* **REQUIREMENT**
Search the listing below for the line containing "A panorama of". From there through the line containing "Maj. Gen. Shawn", transcribe every line exactly, both ends included.

* **MATERIAL FOR THE TASK**
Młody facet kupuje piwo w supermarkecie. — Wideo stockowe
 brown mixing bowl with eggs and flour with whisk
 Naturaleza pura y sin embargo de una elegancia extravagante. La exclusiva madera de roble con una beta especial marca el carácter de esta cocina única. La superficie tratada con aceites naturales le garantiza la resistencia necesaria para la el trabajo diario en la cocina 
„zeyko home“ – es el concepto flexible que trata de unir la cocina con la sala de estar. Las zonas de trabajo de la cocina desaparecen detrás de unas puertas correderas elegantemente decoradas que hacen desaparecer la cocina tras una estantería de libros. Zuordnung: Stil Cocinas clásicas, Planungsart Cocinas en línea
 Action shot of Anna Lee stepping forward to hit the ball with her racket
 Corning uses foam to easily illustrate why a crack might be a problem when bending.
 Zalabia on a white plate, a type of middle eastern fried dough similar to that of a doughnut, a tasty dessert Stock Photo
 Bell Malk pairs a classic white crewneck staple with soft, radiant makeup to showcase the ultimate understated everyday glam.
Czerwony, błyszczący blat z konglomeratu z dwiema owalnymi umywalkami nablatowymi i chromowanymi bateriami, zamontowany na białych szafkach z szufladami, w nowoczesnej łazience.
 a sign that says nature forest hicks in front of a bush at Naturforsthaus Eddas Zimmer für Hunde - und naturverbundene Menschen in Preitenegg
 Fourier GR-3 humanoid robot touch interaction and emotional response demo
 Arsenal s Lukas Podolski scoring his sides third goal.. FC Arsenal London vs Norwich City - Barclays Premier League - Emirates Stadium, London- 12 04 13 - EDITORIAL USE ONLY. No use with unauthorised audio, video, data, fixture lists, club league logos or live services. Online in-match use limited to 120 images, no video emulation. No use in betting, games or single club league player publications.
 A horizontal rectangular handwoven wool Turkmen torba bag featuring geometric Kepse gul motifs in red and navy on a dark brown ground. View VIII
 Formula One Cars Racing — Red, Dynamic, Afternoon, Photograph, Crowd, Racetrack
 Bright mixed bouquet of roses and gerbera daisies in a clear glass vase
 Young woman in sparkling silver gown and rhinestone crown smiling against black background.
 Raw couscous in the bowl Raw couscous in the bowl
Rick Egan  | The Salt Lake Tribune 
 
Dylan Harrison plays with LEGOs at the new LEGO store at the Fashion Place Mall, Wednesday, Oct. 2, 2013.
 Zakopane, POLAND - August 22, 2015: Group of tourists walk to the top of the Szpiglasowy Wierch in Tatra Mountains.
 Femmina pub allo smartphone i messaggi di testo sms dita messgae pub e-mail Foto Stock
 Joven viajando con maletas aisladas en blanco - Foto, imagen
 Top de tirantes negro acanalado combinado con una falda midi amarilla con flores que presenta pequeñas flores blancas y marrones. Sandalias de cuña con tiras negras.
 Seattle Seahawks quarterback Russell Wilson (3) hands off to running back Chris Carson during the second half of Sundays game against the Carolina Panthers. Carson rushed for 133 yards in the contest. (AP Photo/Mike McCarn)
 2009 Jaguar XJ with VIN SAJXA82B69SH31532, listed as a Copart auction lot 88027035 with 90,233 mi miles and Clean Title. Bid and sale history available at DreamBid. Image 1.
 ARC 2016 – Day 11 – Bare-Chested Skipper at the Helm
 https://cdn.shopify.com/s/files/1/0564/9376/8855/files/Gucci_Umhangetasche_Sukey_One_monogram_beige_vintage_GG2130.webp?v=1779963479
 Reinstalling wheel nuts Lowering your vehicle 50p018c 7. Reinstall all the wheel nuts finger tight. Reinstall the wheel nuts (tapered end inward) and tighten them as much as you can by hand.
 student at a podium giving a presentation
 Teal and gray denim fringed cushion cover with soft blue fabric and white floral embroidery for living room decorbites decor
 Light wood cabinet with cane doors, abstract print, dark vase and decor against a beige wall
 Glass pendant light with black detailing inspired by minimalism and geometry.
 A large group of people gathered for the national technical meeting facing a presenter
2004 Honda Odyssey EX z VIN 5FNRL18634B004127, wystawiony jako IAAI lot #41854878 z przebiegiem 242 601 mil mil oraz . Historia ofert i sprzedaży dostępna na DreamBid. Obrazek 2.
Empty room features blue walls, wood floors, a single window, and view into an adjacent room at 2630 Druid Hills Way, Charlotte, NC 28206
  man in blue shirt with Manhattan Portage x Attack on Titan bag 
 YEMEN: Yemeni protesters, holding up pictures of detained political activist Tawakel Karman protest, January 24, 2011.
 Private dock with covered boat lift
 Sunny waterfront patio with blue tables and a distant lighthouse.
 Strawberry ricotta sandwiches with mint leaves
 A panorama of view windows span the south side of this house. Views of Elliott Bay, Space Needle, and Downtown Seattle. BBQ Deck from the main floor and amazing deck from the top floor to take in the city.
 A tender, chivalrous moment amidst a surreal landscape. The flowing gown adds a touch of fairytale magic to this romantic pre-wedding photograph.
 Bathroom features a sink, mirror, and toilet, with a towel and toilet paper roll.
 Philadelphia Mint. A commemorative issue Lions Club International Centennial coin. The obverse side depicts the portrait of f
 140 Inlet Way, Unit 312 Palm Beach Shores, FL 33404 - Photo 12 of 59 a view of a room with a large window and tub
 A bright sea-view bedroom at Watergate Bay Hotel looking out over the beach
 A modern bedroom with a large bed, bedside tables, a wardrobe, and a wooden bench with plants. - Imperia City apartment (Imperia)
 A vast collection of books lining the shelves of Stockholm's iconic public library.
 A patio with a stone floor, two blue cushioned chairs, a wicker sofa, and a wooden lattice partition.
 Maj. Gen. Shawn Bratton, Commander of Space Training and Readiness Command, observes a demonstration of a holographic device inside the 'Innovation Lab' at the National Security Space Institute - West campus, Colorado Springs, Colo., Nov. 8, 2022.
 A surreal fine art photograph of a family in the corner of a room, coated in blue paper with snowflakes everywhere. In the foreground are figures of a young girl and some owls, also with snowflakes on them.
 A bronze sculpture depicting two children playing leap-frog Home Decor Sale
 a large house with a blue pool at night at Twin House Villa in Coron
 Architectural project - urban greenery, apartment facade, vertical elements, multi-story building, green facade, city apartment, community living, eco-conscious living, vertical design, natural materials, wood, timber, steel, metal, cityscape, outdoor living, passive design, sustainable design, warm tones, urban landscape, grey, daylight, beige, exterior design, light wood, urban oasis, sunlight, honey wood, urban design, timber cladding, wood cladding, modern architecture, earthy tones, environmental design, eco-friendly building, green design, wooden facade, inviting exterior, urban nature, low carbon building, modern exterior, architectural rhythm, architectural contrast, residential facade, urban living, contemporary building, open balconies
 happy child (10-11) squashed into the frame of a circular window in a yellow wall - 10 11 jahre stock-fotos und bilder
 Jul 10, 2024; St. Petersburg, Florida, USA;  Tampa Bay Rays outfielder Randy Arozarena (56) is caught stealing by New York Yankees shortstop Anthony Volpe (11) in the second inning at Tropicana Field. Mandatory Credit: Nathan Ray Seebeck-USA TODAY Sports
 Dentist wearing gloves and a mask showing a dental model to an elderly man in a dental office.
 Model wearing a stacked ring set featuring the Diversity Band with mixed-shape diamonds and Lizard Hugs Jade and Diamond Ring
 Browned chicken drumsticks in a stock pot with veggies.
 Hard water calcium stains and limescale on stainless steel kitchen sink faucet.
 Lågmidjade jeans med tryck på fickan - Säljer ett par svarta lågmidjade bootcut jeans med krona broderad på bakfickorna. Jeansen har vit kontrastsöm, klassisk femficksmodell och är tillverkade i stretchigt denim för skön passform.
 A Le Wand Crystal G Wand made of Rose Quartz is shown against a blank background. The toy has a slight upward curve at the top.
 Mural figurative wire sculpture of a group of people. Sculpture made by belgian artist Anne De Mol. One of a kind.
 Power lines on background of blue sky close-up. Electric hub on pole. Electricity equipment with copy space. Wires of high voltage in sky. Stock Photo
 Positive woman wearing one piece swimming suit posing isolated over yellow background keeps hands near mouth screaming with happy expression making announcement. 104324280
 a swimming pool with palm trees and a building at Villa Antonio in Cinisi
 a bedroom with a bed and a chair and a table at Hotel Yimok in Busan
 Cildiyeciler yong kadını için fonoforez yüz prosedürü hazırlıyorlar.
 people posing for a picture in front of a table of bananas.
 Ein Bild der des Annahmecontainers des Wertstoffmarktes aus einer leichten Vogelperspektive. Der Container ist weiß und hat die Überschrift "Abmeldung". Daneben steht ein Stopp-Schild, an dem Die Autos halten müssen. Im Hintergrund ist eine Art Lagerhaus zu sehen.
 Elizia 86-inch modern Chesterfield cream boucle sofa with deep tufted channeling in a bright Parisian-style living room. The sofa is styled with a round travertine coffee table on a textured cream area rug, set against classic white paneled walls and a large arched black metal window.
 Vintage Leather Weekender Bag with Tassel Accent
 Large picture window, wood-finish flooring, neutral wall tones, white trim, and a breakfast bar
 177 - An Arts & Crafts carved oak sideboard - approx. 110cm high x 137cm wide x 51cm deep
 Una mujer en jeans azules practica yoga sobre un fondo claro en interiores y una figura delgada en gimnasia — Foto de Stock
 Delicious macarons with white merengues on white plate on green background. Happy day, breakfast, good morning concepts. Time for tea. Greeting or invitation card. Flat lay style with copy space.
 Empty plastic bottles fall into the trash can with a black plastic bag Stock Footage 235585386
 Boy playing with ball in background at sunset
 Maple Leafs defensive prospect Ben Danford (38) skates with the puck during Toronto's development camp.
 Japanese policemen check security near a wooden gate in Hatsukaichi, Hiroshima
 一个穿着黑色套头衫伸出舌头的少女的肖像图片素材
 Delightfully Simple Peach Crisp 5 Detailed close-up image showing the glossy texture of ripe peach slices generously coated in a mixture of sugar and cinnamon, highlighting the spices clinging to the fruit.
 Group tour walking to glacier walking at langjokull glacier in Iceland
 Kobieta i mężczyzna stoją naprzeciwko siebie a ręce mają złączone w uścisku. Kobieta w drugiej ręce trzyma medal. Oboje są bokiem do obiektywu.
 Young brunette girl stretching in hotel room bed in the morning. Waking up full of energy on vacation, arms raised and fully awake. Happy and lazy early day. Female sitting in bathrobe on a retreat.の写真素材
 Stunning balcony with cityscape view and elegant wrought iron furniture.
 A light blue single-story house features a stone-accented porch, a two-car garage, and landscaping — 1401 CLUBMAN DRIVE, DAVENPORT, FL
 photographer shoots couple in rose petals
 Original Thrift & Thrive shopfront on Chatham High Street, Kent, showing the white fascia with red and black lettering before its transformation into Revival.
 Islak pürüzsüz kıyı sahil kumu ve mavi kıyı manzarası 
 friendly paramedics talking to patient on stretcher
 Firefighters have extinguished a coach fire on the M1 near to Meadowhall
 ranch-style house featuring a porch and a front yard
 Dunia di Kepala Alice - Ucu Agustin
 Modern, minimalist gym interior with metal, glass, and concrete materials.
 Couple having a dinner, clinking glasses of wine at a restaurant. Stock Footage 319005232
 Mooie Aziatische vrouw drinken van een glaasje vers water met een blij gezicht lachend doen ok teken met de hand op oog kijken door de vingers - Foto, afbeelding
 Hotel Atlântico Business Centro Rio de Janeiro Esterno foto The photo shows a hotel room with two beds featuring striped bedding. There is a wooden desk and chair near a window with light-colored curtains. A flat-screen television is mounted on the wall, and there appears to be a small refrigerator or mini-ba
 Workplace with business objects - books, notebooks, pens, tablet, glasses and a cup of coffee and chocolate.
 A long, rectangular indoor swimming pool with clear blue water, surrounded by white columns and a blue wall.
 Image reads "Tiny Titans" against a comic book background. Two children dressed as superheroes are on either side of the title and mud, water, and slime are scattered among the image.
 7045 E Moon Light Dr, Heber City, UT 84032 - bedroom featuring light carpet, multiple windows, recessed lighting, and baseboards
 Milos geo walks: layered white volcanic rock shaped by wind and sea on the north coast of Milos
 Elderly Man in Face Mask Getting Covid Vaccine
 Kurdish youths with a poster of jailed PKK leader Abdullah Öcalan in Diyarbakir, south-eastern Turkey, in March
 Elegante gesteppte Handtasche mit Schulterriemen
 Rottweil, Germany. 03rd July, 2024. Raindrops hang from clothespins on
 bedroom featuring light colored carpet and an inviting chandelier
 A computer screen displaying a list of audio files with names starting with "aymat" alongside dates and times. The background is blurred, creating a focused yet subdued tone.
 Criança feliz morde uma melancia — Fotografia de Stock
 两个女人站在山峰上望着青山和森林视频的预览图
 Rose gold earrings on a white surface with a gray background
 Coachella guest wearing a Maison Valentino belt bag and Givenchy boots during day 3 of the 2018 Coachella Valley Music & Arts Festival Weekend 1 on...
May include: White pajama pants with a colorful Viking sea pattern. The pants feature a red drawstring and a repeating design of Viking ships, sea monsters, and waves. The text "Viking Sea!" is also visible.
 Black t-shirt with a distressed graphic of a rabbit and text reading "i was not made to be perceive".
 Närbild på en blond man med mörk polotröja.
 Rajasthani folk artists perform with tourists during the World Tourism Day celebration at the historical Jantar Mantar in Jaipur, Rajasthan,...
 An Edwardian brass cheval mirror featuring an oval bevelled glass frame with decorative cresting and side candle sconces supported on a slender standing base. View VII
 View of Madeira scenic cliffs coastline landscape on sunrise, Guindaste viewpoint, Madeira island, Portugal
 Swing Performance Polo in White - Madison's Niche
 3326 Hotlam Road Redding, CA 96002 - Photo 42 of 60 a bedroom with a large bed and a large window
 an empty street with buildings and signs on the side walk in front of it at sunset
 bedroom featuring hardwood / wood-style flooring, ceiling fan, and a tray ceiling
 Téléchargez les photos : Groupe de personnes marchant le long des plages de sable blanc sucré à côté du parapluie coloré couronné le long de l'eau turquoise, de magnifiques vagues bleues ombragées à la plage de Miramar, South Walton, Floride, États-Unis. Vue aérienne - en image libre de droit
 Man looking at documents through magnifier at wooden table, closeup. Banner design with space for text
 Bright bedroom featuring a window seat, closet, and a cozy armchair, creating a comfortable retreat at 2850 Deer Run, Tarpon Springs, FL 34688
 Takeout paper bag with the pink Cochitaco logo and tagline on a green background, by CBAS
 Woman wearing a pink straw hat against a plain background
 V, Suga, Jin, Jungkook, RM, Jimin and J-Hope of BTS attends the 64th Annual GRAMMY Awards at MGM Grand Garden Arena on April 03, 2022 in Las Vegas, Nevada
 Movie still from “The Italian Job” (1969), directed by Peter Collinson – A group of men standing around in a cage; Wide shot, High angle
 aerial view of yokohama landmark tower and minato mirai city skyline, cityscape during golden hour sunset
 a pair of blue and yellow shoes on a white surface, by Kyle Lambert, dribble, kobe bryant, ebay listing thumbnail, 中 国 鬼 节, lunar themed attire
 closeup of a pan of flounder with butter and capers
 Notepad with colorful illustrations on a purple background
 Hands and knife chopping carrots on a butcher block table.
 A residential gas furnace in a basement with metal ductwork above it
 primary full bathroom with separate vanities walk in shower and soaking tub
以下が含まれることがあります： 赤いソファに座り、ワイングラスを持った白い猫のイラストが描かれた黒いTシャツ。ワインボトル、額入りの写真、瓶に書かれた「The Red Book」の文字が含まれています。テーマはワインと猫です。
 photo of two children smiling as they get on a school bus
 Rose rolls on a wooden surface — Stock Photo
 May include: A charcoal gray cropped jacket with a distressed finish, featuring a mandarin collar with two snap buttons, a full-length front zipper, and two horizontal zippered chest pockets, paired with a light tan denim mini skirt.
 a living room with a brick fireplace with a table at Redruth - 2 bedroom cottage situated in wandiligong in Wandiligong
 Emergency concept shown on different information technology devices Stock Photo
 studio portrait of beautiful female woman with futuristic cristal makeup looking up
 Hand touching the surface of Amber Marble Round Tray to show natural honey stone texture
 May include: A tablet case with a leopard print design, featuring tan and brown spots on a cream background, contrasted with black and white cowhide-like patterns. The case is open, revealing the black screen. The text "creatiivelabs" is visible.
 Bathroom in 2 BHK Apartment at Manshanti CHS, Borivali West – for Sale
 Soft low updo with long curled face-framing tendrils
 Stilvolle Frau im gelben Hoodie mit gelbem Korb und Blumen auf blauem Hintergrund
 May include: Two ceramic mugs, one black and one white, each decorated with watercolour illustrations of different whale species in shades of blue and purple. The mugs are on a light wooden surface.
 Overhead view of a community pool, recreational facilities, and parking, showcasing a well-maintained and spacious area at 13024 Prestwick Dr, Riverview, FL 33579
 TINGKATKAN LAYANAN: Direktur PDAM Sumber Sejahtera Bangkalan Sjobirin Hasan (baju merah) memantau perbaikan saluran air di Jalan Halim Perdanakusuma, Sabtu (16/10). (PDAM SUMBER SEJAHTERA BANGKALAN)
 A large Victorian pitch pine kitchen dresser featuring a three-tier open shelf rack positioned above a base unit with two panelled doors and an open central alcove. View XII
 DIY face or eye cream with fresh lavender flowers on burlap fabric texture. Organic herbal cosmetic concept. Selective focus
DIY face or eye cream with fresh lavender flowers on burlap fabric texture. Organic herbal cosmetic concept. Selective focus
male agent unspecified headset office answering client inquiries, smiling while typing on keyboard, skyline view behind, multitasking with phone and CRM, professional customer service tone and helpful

* **SOLUTION TO THE EXERCISE**
 A panorama of view windows span the south side of this house. Views of Elliott Bay, Space Needle, and Downtown Seattle. BBQ Deck from the main floor and amazing deck from the top floor to take in the city.
 A tender, chivalrous moment amidst a surreal landscape. The flowing gown adds a touch of fairytale magic to this romantic pre-wedding photograph.
 Bathroom features a sink, mirror, and toilet, with a towel and toilet paper roll.
 Philadelphia Mint. A commemorative issue Lions Club International Centennial coin. The obverse side depicts the portrait of f
 140 Inlet Way, Unit 312 Palm Beach Shores, FL 33404 - Photo 12 of 59 a view of a room with a large window and tub
 A bright sea-view bedroom at Watergate Bay Hotel looking out over the beach
 A modern bedroom with a large bed, bedside tables, a wardrobe, and a wooden bench with plants. - Imperia City apartment (Imperia)
 A vast collection of books lining the shelves of Stockholm's iconic public library.
 A patio with a stone floor, two blue cushioned chairs, a wicker sofa, and a wooden lattice partition.
 Maj. Gen. Shawn Bratton, Commander of Space Training and Readiness Command, observes a demonstration of a holographic device inside the 'Innovation Lab' at the National Security Space Institute - West campus, Colorado Springs, Colo., Nov. 8, 2022.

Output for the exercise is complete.